Some good reading on camera noise (from guys who know what they are talking about!)
Camera Noise and Temperature Tutorial
For images under discussion here in PF, note that shot/electron noise is vanishingly small on a per pixel basis - as suggested by their first picture. For exposures less than, say 0.1 second, the expected shot noise per pixel is a tenth of an electron or less - only a few pixels out of every hundred will seem to have a “signal” - as opposed to the readout noise.
For images taken with a lens cap on, there will be no photons, so photon shot noise will be non-existent.
That leaves readout noise (noise generated in the electronics that converts charge from a pixel to some signal level) as the dominant source of noise here.
That should be pretty much independent of exposure time, I would think!!
Noise, Dynamic Range and Bit Depth in Digital SLRs (By Emil Martinec)
His quote: “In the real world, the raw level does not precisely reflect the photon count.
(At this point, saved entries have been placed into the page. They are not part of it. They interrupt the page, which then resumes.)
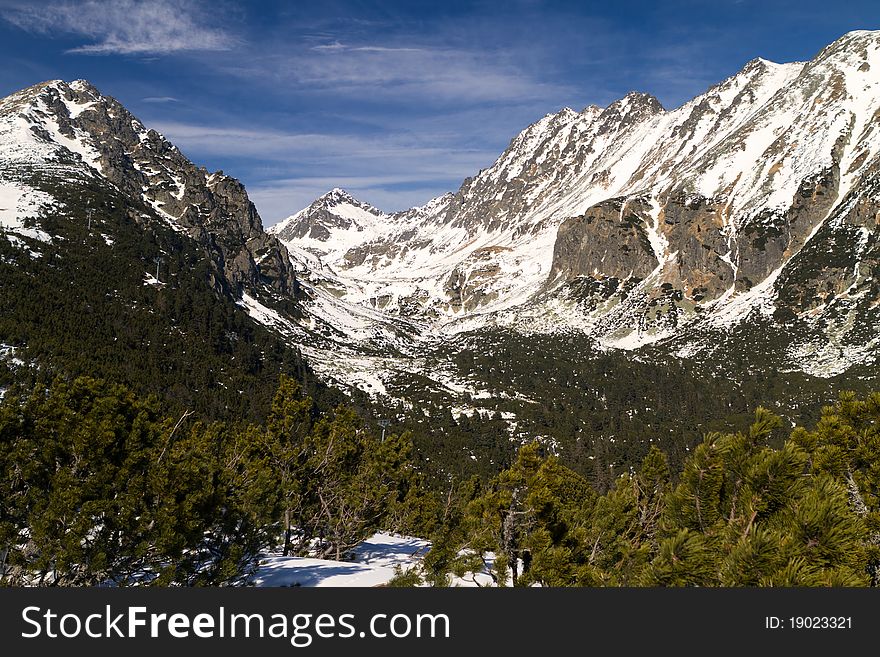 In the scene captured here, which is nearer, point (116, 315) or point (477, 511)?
point (477, 511)

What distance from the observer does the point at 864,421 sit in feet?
36.7

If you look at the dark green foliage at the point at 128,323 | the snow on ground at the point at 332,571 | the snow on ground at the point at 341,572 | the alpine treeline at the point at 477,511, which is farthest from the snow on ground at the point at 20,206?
the alpine treeline at the point at 477,511

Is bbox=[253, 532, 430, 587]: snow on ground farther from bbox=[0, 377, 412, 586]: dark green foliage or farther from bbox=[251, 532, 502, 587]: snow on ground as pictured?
bbox=[0, 377, 412, 586]: dark green foliage

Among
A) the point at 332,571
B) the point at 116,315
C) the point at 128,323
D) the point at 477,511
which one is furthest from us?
the point at 128,323

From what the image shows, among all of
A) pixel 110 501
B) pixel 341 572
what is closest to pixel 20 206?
pixel 341 572

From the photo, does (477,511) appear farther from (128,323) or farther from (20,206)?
(20,206)

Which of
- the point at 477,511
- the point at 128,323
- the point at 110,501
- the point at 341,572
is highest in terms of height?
the point at 128,323

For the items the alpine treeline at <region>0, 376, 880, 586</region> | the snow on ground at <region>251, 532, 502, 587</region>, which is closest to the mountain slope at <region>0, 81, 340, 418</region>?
the snow on ground at <region>251, 532, 502, 587</region>

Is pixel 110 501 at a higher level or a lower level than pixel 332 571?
higher

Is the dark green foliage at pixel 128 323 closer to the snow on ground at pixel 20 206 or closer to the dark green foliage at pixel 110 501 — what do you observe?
the snow on ground at pixel 20 206

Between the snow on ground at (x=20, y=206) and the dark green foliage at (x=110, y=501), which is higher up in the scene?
the snow on ground at (x=20, y=206)

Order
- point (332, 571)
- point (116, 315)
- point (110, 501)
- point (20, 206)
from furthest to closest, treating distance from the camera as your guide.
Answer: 1. point (20, 206)
2. point (116, 315)
3. point (332, 571)
4. point (110, 501)

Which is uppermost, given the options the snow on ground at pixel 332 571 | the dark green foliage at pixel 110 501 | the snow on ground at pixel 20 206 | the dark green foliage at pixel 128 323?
the snow on ground at pixel 20 206

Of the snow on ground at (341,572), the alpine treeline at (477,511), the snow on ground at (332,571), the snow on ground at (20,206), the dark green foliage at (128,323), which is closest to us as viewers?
the alpine treeline at (477,511) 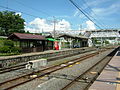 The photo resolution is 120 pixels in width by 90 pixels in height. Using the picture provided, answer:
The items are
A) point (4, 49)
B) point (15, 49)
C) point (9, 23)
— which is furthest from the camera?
point (9, 23)

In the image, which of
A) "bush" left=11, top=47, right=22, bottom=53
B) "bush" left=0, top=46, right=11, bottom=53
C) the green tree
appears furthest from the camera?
the green tree

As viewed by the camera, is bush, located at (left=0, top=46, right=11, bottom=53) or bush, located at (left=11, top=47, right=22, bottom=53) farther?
bush, located at (left=11, top=47, right=22, bottom=53)

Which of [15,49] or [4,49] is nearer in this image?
[4,49]

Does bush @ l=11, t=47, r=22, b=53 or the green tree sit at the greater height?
the green tree

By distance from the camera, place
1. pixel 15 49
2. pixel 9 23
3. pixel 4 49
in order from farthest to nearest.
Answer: pixel 9 23, pixel 15 49, pixel 4 49

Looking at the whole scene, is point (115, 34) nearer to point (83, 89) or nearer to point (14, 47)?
point (14, 47)

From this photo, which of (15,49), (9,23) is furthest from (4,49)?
(9,23)

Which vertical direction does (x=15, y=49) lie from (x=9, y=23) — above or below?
below

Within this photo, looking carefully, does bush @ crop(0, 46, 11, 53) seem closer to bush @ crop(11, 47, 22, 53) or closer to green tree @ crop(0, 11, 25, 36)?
bush @ crop(11, 47, 22, 53)

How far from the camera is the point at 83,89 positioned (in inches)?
295

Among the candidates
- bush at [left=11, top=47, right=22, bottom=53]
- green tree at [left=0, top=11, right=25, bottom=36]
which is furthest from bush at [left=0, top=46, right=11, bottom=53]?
green tree at [left=0, top=11, right=25, bottom=36]

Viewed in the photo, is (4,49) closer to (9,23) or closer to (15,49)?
(15,49)

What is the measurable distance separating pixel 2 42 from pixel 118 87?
25010 millimetres

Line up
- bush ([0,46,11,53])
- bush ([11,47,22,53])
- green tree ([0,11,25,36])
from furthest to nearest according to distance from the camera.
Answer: green tree ([0,11,25,36]), bush ([11,47,22,53]), bush ([0,46,11,53]) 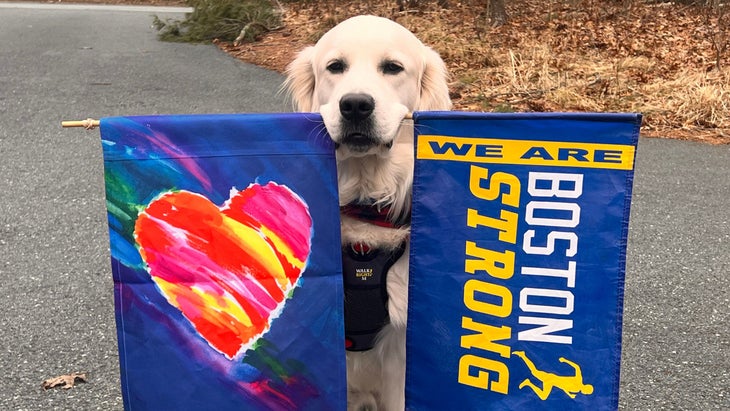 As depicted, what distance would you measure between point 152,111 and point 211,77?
1768 mm

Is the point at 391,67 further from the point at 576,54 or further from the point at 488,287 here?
the point at 576,54

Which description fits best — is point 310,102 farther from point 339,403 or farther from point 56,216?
point 56,216

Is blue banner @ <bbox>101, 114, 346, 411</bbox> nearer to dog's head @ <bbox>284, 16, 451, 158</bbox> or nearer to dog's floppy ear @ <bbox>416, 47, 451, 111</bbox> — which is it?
dog's head @ <bbox>284, 16, 451, 158</bbox>

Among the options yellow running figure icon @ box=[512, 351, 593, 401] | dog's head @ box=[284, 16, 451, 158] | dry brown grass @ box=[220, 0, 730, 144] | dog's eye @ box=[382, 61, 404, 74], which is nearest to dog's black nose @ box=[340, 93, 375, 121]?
dog's head @ box=[284, 16, 451, 158]

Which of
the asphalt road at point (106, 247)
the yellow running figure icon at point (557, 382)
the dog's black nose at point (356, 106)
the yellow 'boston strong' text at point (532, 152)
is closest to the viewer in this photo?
the yellow 'boston strong' text at point (532, 152)

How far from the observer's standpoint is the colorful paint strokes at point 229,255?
1743mm

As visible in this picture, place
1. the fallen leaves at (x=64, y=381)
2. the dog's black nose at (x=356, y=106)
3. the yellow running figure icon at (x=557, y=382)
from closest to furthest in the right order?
the yellow running figure icon at (x=557, y=382) → the dog's black nose at (x=356, y=106) → the fallen leaves at (x=64, y=381)

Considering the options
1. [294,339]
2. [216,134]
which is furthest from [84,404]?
[216,134]

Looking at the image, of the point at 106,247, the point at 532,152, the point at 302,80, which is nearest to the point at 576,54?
the point at 106,247

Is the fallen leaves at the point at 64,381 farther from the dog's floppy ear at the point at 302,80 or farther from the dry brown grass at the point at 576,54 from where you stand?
the dry brown grass at the point at 576,54

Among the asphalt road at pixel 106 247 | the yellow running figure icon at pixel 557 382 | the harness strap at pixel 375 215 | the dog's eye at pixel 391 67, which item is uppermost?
the dog's eye at pixel 391 67

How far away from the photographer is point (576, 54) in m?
9.19

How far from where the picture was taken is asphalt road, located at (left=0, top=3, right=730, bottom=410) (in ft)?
9.99

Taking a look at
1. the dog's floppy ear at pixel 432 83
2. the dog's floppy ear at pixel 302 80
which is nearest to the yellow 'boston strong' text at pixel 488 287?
the dog's floppy ear at pixel 432 83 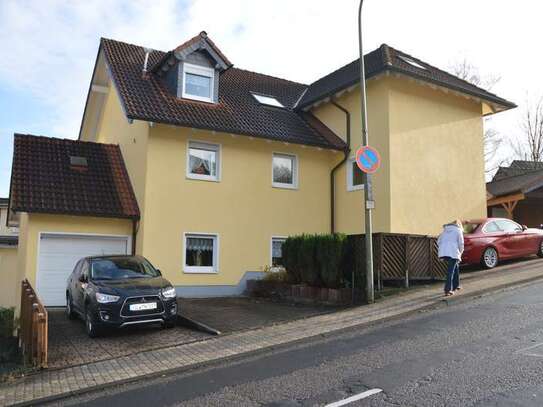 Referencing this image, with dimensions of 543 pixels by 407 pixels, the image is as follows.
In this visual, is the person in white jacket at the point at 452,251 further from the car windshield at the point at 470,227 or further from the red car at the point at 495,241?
the car windshield at the point at 470,227

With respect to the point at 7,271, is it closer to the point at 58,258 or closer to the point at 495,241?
the point at 58,258

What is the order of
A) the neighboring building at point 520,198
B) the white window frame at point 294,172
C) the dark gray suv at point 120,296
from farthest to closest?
the neighboring building at point 520,198 → the white window frame at point 294,172 → the dark gray suv at point 120,296

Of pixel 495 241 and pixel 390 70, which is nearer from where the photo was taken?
pixel 495 241

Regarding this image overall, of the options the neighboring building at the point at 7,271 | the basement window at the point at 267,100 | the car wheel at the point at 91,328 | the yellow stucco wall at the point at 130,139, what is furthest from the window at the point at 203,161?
the neighboring building at the point at 7,271

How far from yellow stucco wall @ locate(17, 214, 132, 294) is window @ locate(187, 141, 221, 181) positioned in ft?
8.22

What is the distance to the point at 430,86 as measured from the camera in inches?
679

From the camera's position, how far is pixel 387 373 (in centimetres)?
654

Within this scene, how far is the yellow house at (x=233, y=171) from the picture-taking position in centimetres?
1521

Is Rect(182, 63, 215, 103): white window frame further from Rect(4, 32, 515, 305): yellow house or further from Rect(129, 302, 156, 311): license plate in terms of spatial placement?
Rect(129, 302, 156, 311): license plate

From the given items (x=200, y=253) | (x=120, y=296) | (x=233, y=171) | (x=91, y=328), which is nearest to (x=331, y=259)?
(x=120, y=296)

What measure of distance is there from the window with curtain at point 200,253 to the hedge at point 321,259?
3.20 metres

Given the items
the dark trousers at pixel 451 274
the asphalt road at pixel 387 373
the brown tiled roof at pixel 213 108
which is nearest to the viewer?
the asphalt road at pixel 387 373

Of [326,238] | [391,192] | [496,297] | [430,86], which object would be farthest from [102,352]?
[430,86]

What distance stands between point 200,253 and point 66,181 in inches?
179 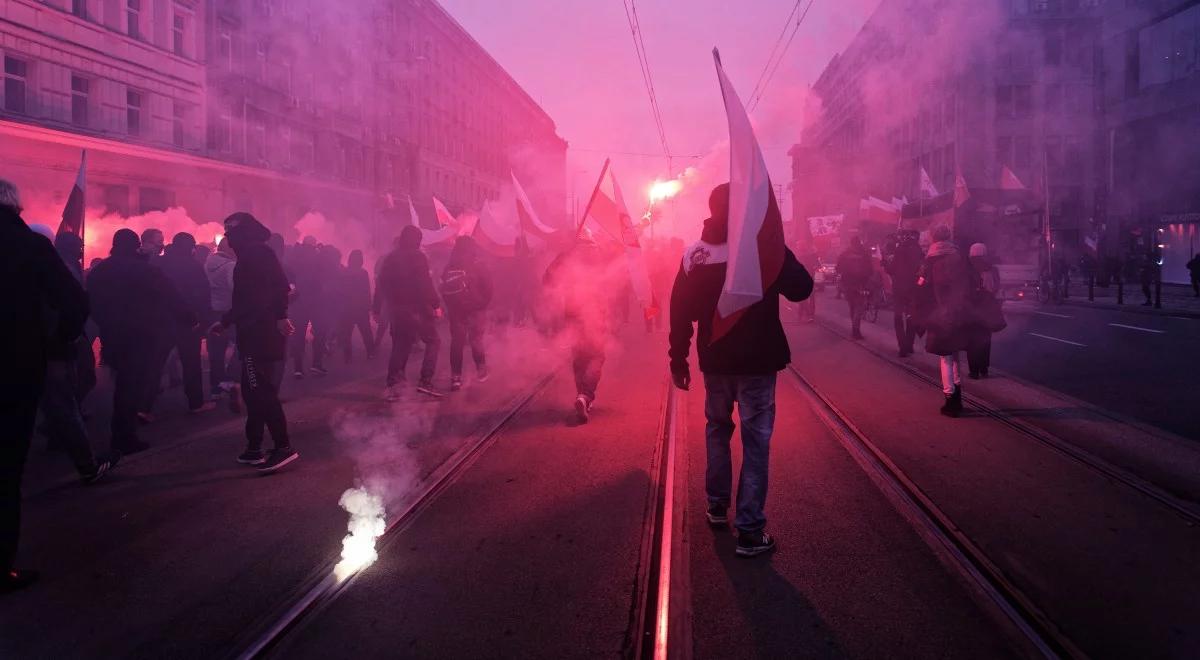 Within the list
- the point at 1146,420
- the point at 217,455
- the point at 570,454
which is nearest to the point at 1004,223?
the point at 1146,420

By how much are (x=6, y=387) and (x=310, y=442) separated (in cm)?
286

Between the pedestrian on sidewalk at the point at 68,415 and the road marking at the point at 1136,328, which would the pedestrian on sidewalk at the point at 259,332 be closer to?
the pedestrian on sidewalk at the point at 68,415

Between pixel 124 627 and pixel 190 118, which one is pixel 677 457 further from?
pixel 190 118

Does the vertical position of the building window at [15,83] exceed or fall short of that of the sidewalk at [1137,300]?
it exceeds it

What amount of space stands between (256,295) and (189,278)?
3628 millimetres

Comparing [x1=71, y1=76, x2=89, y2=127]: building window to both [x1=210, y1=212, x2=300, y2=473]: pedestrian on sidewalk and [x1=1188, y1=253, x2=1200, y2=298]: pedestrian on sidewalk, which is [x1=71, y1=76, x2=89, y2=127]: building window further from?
[x1=1188, y1=253, x2=1200, y2=298]: pedestrian on sidewalk

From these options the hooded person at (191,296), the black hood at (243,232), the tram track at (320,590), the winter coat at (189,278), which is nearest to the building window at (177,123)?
the hooded person at (191,296)

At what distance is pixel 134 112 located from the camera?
818 inches

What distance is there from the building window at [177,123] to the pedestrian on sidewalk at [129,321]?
58.7 ft

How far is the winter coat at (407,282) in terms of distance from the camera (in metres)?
8.31

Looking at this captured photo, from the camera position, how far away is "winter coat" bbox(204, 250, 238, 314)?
26.6ft

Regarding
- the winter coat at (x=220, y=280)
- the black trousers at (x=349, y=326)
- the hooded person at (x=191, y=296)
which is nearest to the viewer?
the hooded person at (x=191, y=296)

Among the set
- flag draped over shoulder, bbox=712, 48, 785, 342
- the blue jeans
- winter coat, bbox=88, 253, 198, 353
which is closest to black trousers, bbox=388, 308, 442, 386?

Each electronic circuit component in the signal processing chain -- from sensel readout, to ISO gain, to digitization -- suffers voltage fluctuations that contribute to a deviation of the raw value from the ideal value proportional to the photon count. The fluctuations in the raw value due to the signal processing electronics constitute the read noise of the sensor” sums up where the read noise comes from.
When I find some time, I will see what Rawdigger can give me for some pixel-by-pixel data, so I can calculate something similar to Martinec’s figures 1 and 2.